ACTION ITEM:
Beginning at the line that holds "活30年才知道木芙蓉花是可以吃的 ！ Confederate", transcribe each line exactly through the end of the records, and leave any pictures out.

#### EXTRACTED DATA ####

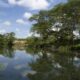 Mzima Springs
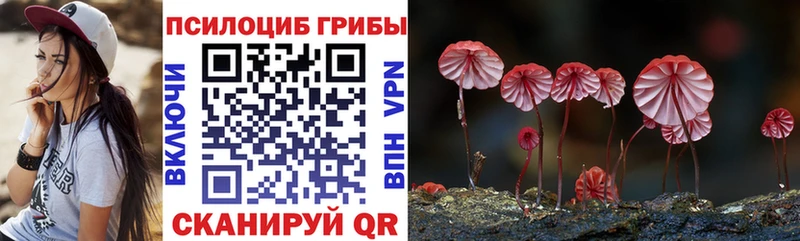 Псилоцибиновые грибы Psilocybe наркотики Семёнов
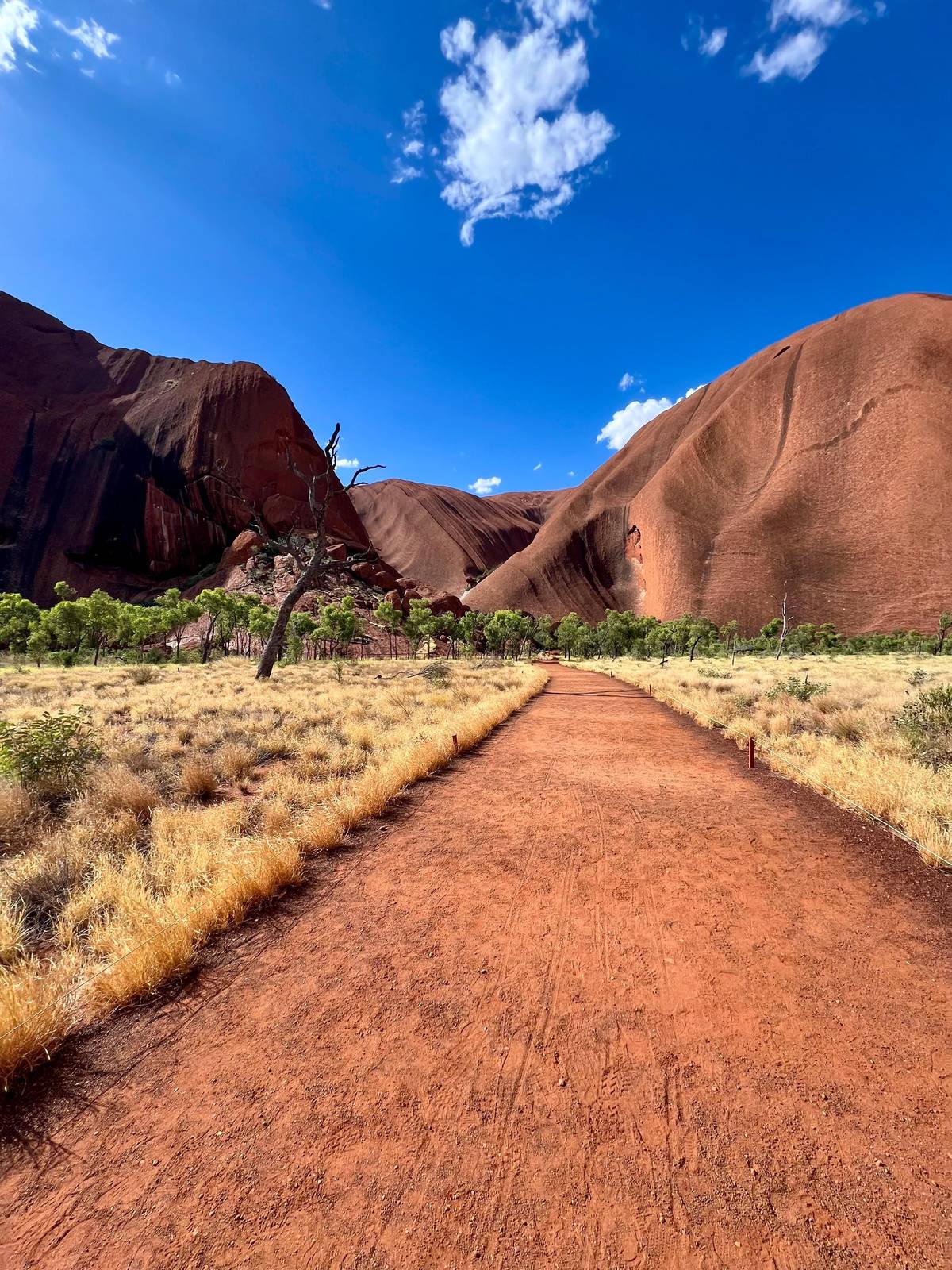 From Alice Springs or Yulara: 2 Day Uluru-Kata Tjuta Camping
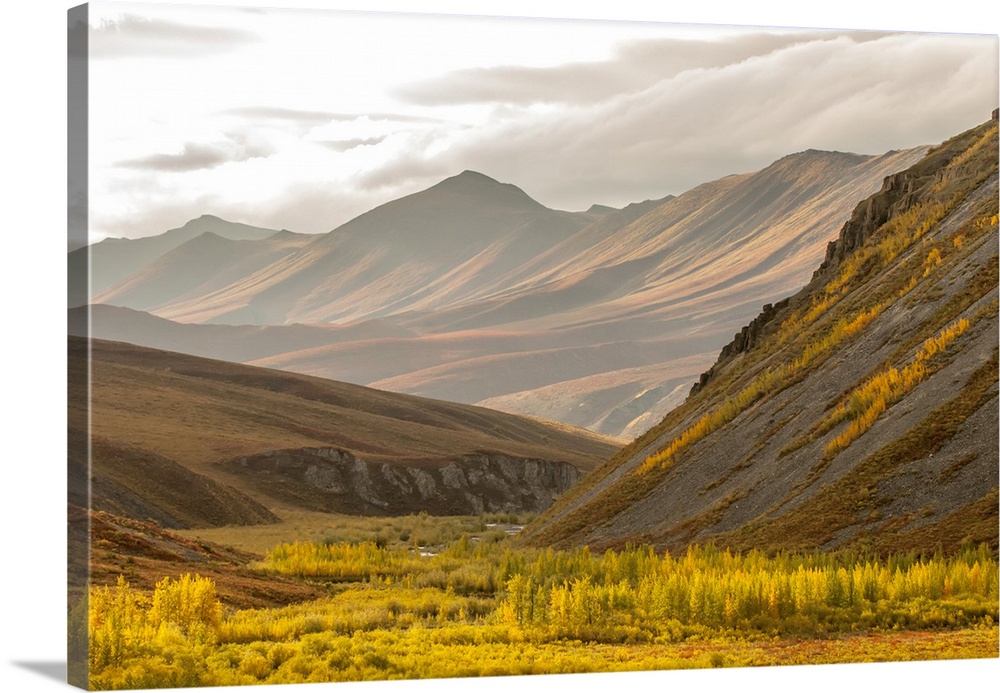 Fall foliage over the tundra and mountain ridge in the Arctic National Wildlife Refuge, Alaska, United States of America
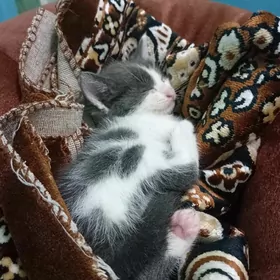 котёнок
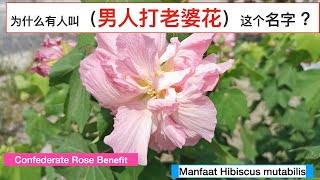 活30年才知道木芙蓉花是可以吃的 ！ Confederate Rose Benefit。Manfaat Hibiscus mutabilis。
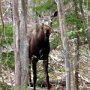 The Cabot Trail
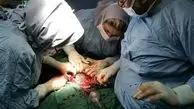 تاثير طرح تحول نظام سلامت در كاهش سزارين درکشور/ترويج زايمان بي‌درد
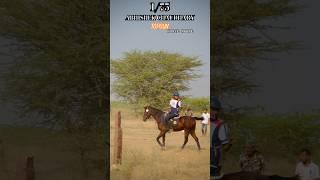 Abhishek Chaudhary  #abhishekchaudhary #equestrian #chaudhary #jodhpur #jaipurnews #rajasthan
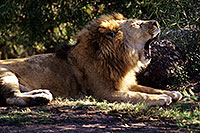 /images/133/2000-07-zoo-lion1.jpg - #00536: Lion at the Phoenix Zoo … July 2000 -- Phoenix Zoo, Phoenix, Arizona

####

REPLY TO THE TASK:
 活30年才知道木芙蓉花是可以吃的 ！ Confederate Rose Benefit。Manfaat Hibiscus mutabilis。
 The Cabot Trail
 تاثير طرح تحول نظام سلامت در كاهش سزارين درکشور/ترويج زايمان بي‌درد
 Abhishek Chaudhary  #abhishekchaudhary #equestrian #chaudhary #jodhpur #jaipurnews #rajasthan
 /images/133/2000-07-zoo-lion1.jpg - #00536: Lion at the Phoenix Zoo … July 2000 -- Phoenix Zoo, Phoenix, Arizona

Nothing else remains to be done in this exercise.